2.5.2. Zoals volgt uit de uitspraak van de Afdeling van 10 december 2010 in zaak nr. 201006726/1/V1 (www.raadvanstate.nl), kan uit het arrest van het Europees Hof voor de Rechten van de Mens (hierna: het EHRM) van 31 januari 2006 in de zaak Rodrigues da Silva en Hoogkamer tegen Nederland, nr. 50435/99 (www.echr.coe.int) en het arrest van het EHRM van 14 april 2009 in de zaak Narenji Haghighi tegen Nederland, nr. 38165/07 (www.echr.coe.int), worden afgeleid dat bij de belangenafweging in het kader van artikel 8 van het EVRM relevant is of op het moment dat de desbetreffende vreemdeling het familie- of gezinsleven is aangegaan en heeft geïntensiveerd al dan niet zekerheid bestond over zijn verblijfsaanspraken in Nederland. De minister heeft derhalve terecht van belang geacht dat de vreemdeling het gezinsleven met haar nieuwe partner is aangegaan terwijl zij niet beschikte over een verblijfsvergunning die dat mogelijk maakte. Dat de vreemdeling in de veronderstelling verkeerde dat de haar verleende verblijfsvergunning regulier voor bepaalde tijd niet beperkt was tot gezinsleven met haar voormalige partner, dient voor haar rekening te blijven, nu de aan die vergunning verbonden beperking die veronderstelling niet rechtvaardigt.
Niettemin kunnen zich zodanige feiten en omstandigheden voordoen dat uit het recht op eerbiediging van het gezinsleven een positieve verplichting voor de Nederlandse staat voortvloeit om de vreemdeling verblijf hier te lande toe te staan. Volgens vaste jurisprudentie van het EHRM (onder meer het arrest van 18 maart 2003 in de zaak T.I. en W.S. Ebrahim tegen Nederland, nr. 59186/00; www.echr.coe.int) dient bij de beoordeling van de vraag of artikel 8 van het EVRM in een bepaald geval de positieve verplichting met zich brengt een vreemdeling in staat te stellen tot het uitoefenen van gezinsleven in een bepaalde lidstaat, een “fair balance” te worden gevonden tussen enerzijds de belangen van het betrokken individu en anderzijds het betrokken algemeen belang van die lidstaat. Bij deze afweging komt de desbetreffende lidstaat een zekere beoordelingsruimte toe. Daarbij moeten alle voor die belangenafweging van betekenis zijnde feiten en omstandigheden kenbaar worden betrokken.
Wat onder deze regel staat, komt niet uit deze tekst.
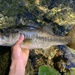 Florida Largemouth Bass - Photo (c) species_spotlight, all rights reserved, uploaded by species_spotlight
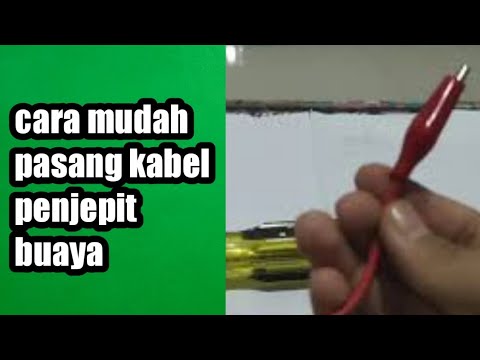 Detail Gambar Penjepit Buaya Nomer 21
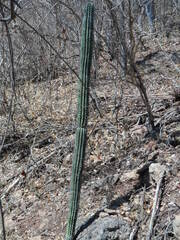 Stenocereus quevedonis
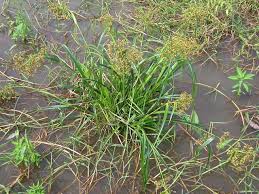 Image result for Rhynchospora corymbosa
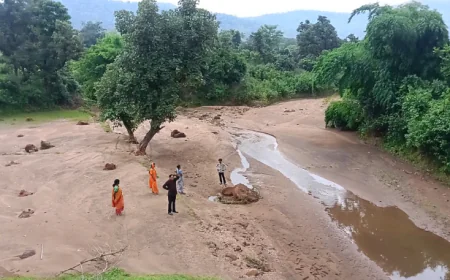 भारी बारिश में ध्वस्त हुआ लातेहार का कुसुमटांड़ डैम, कई एकड़ भूमि में भर गया बालू, किसानों को भारी नुकसान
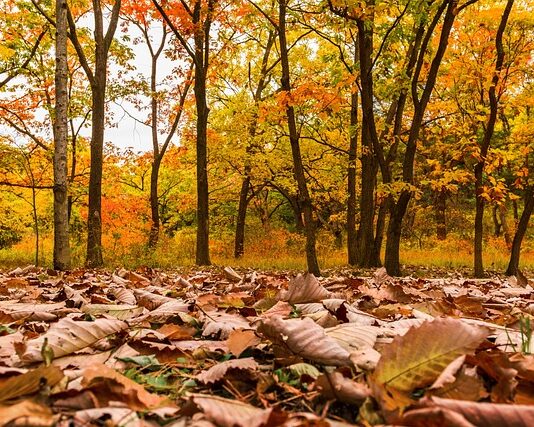 Kim jestem przykład?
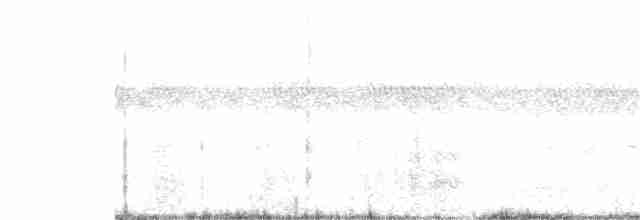 Серогрудая иглохвостка - ML349126121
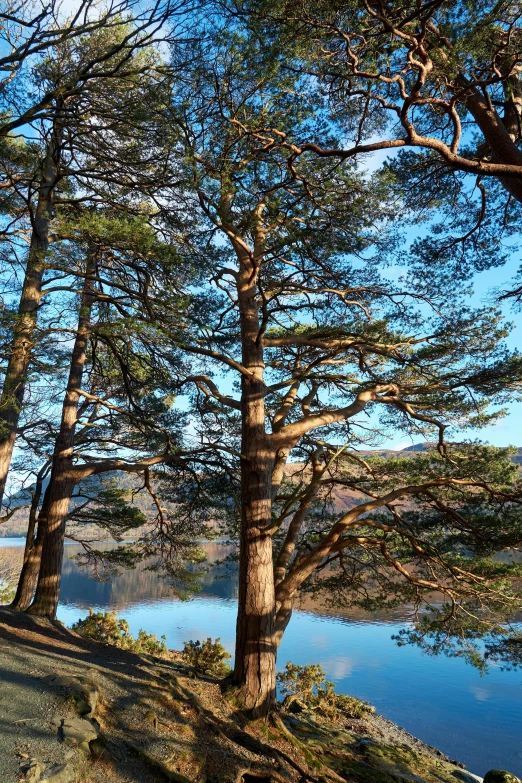 there are several trees standing at the edge of a hill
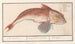 Grondin rot Chelidonichthys lucerna, Roobaerd Coccyx bellonii, Cuculus Rouget - Anselmus Botius de Boodt — Ansicht des Kunstwerks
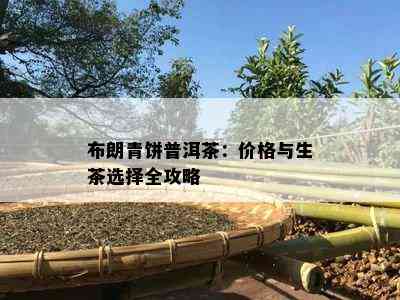 布朗青饼普洱茶：价格与生茶选择全攻略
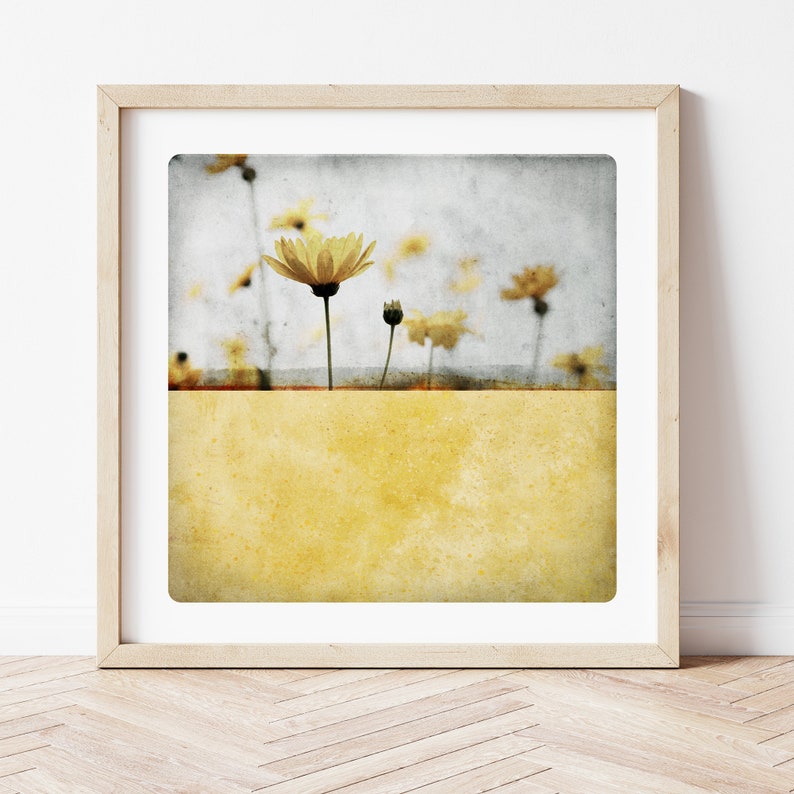 Gold Yellow Botanical photography art print flower Monochromatic color Block Painting Wall Art Decor POLE CI image 1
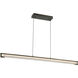 Neoness LED 50 inch Weathered Brass Linear Chandelier Ceiling Light in Clear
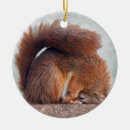 Pesquisar por esquilo ornamentos Humor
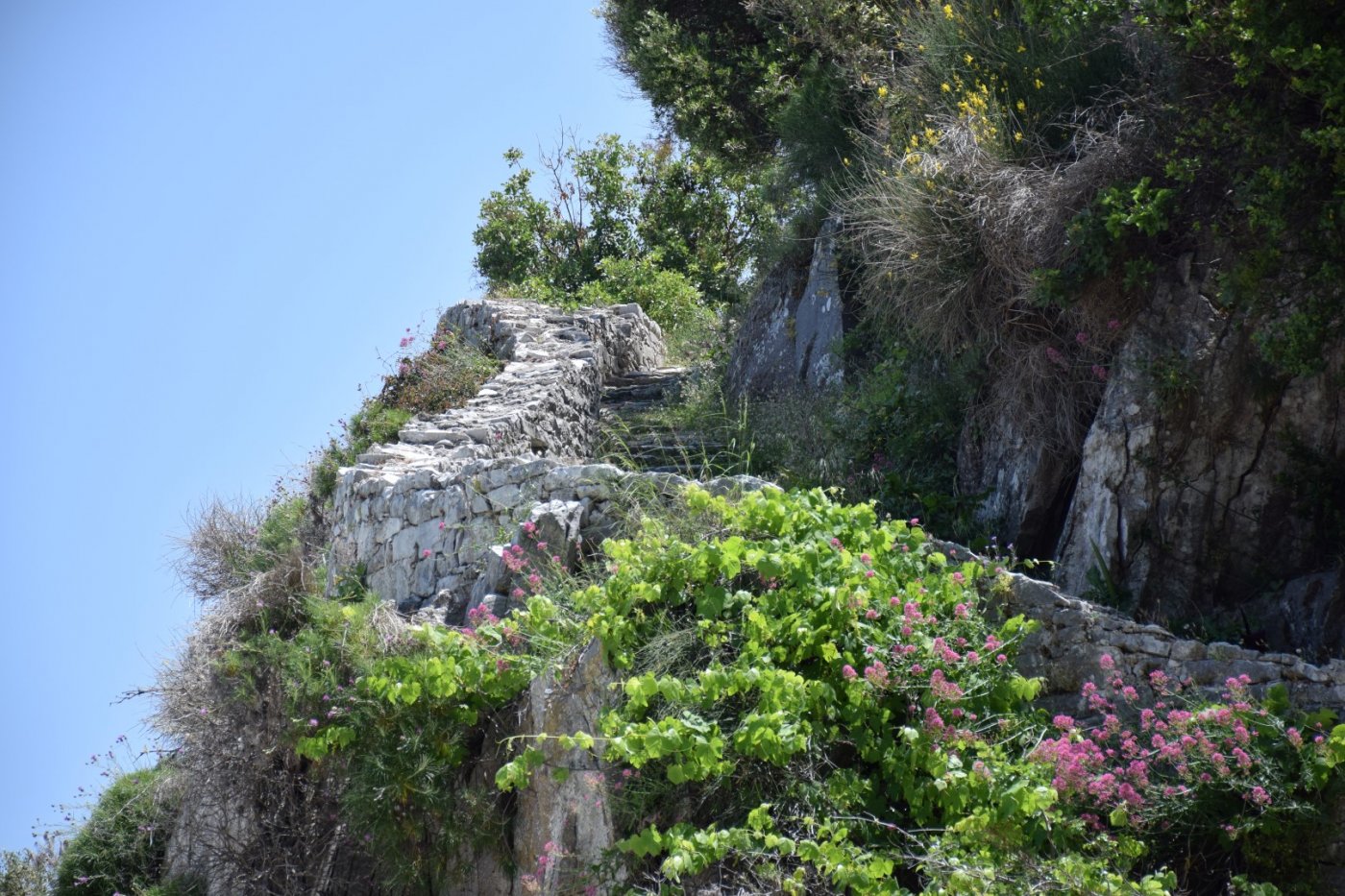 Pelion / 4day hiking excursion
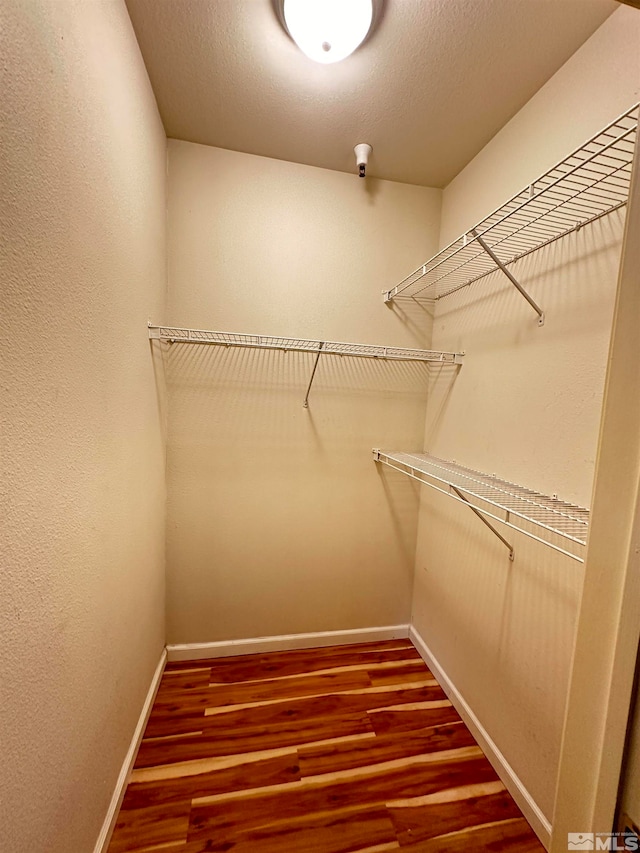 spacious closet featuring wood-type flooring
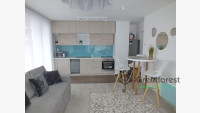 Debrecen, Close To Main Campus, flat  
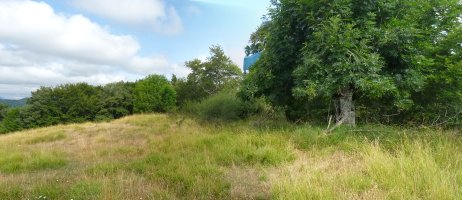 Aanoko gailurra (781)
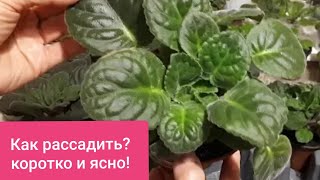 Как рассадить разросшуюся Фиалку? Коротко и ясно!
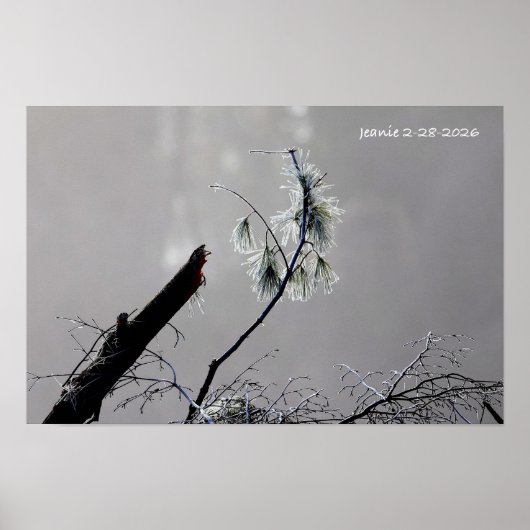 Winterlandschaft Poster (Vorne)
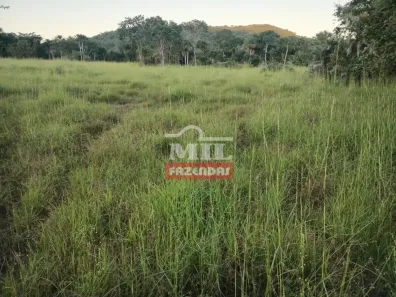 Fazenda/Sítio à venda, 1m² no Jardim Piauí, Araguapaz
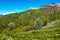 Meadows and hills in spring, in the background the Alpine chain, Piedmont Italy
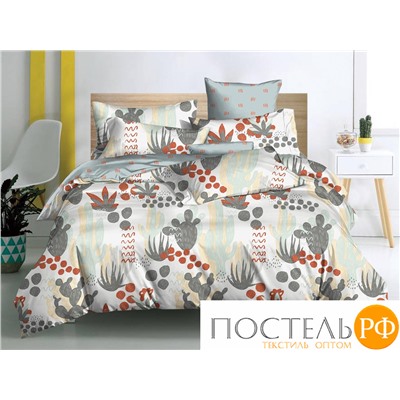 20/219-PC/CL КПБ CL HOME Поплин "Pure Cotton" двуспальный 175*215*1 200*220*1(±5) 70*70*2(±2) в ПВХ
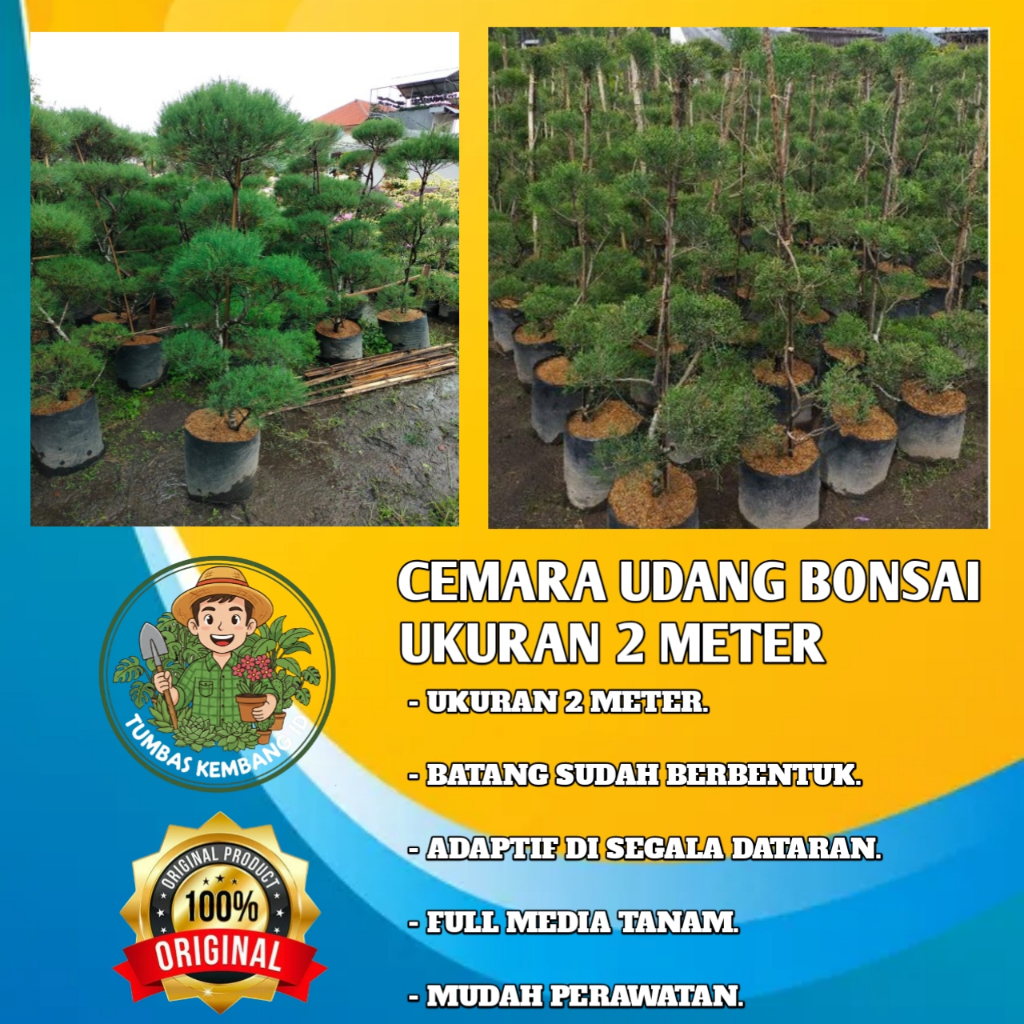 BONSAI Cemara Udang Bonsai Ukuran 2M - Casuarina Equisetifolia - Tanaman Hias Outdoor Adaptif & Berk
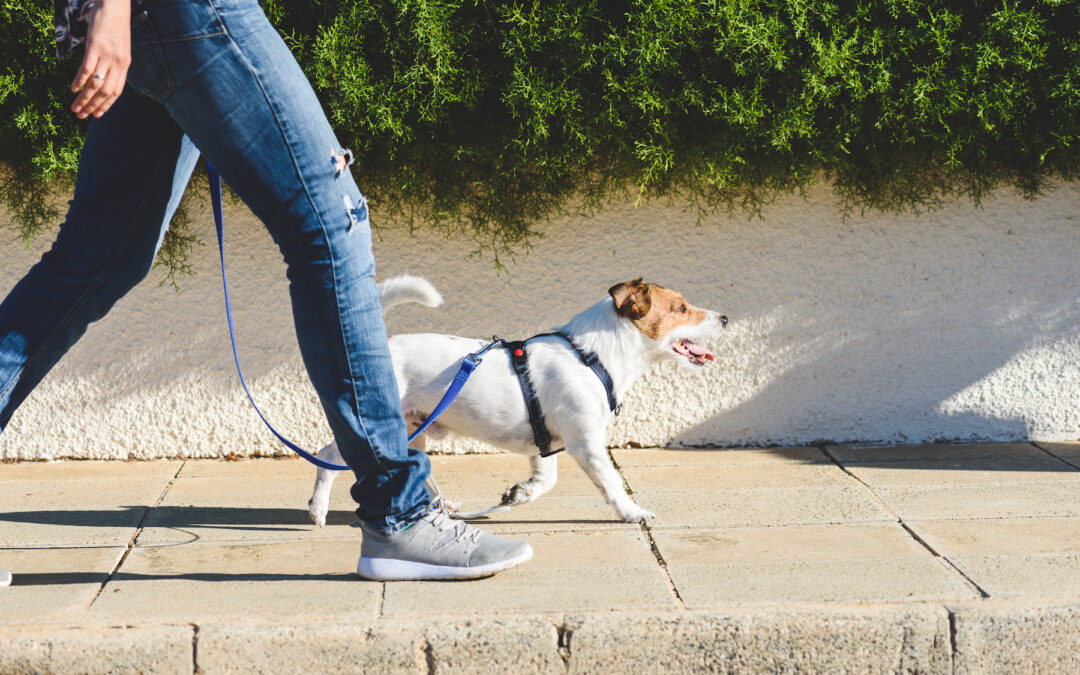 Does Your Dog Need More Exercise? Try These Tips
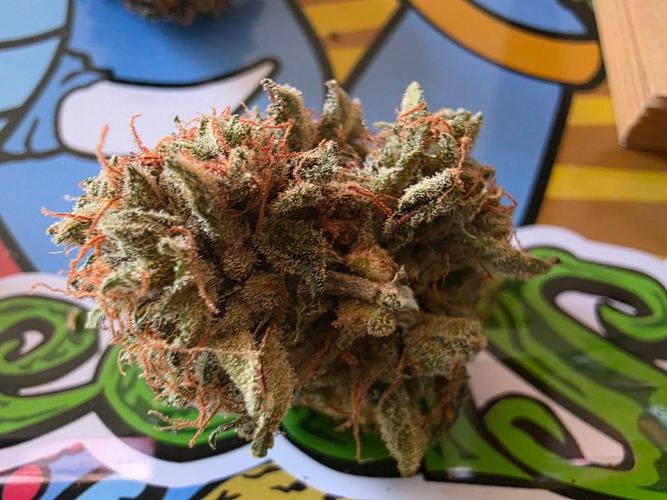 [2nd run] Green Crack Automatic. Week 15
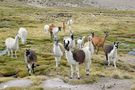 Und überall auf dem Weg nach Arequipa begleiten uns wieder Lama Herden by NraM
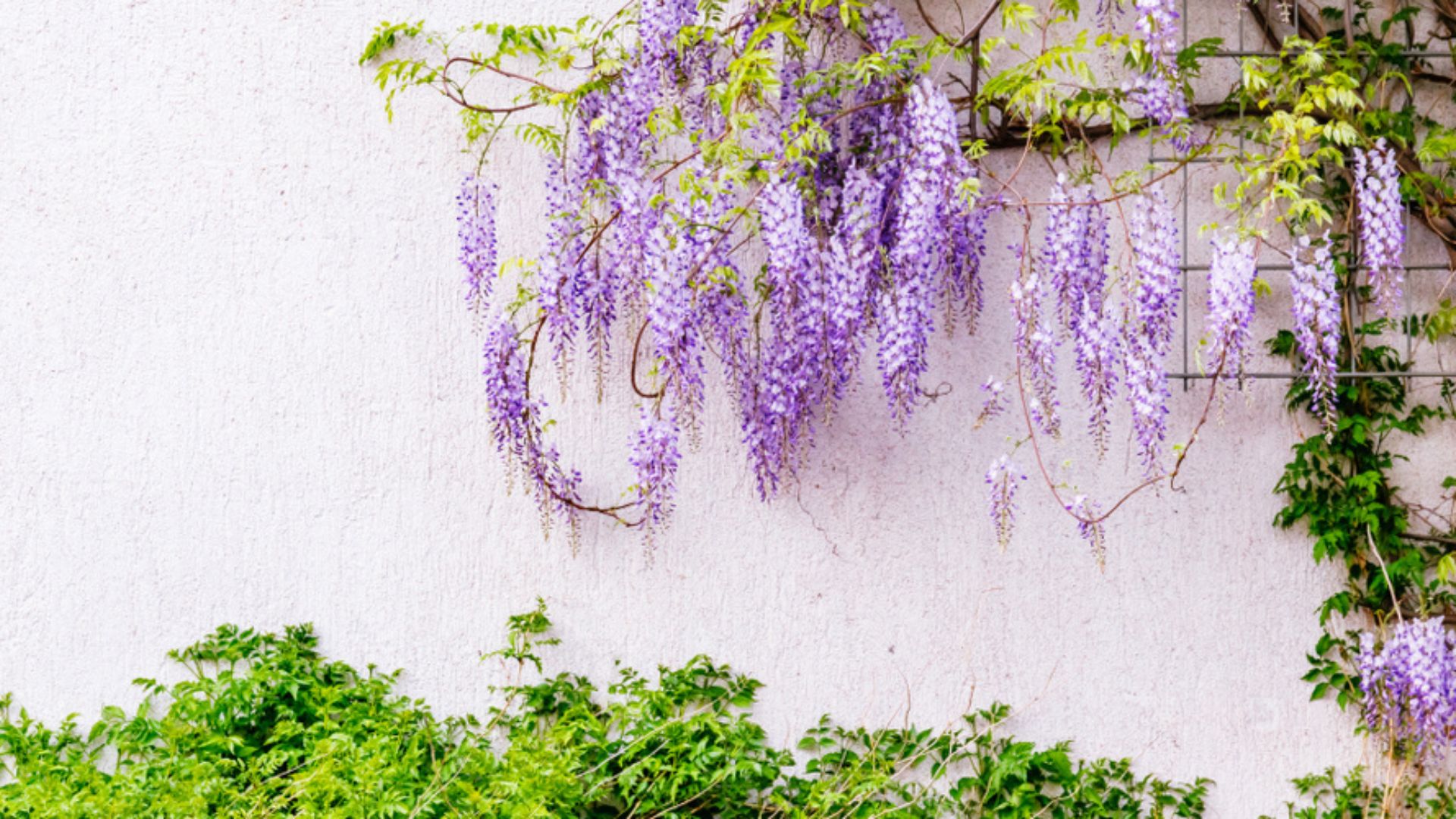 flowring wisteria vine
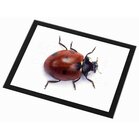 Lieveheersbeestje / Ladybird  Glazen Placemat met zwarte rand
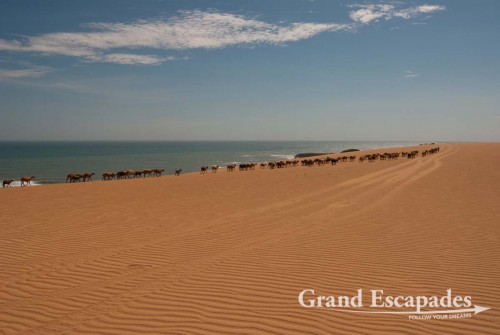 The next morning we set out for Taroa Beach, which even outdid Bahia Hondita. High-towering dunes roll into long stretches of golden sandy beaches. Naturally we tumbled, ran and slid down the dunes. Climbing up was less fun though. It was just us, and nobody anywhere near us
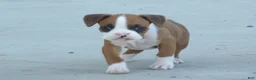 Boxer dogs for sale: Lolly - Ad 3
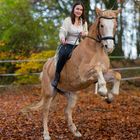 Pferdefotografie in der Natur 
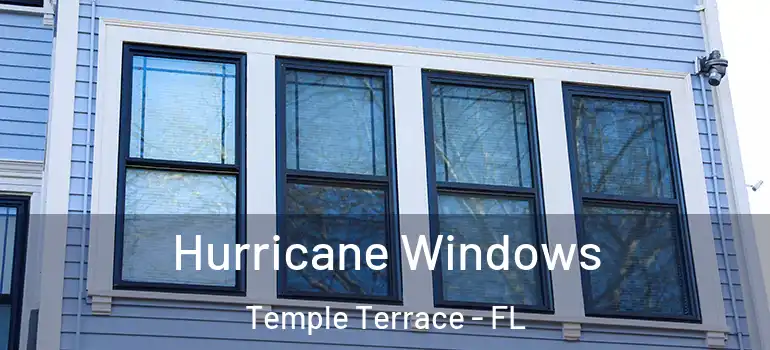  Hurricane Windows Temple Terrace - FL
De minister heeft de omstandigheid dat de nieuwe partner, die eveneens uit Turkije afkomstig is, werkzaam is in een sociale werkplaats en dat de vreemdeling in Turkije vanwege haar gelaatsverminking gediscrimineerd zou worden waardoor zij haar beroep als kapster niet zou kunnen uitoefenen, terecht niet aangemerkt als een objectieve belemmering om het gezinsleven in Turkije uit te oefenen, nu de vreemdeling niet aannemelijk heeft gemaakt dat de gestelde discriminatie haar leven in Turkije onhoudbaar maakt en evenmin dat de arbeidshandicap van haar nieuwe partner in Turkije tot onoverkomelijke bezwaren zal leiden. Voorts bestaat gelet op het geheel van de voor de te verrichten belangenafweging van betekenis zijnde feiten en omstandigheden geen grond voor het oordeel dat de minister, bij de fair balance die moet worden gevonden tussen het belang van de vreemdeling enerzijds en het Nederlands algemeen belang anderzijds, zich ten onrechte op het standpunt heeft gesteld dat op hem geen positieve verplichting rust om de vreemdeling verblijf in Nederland toe te staan.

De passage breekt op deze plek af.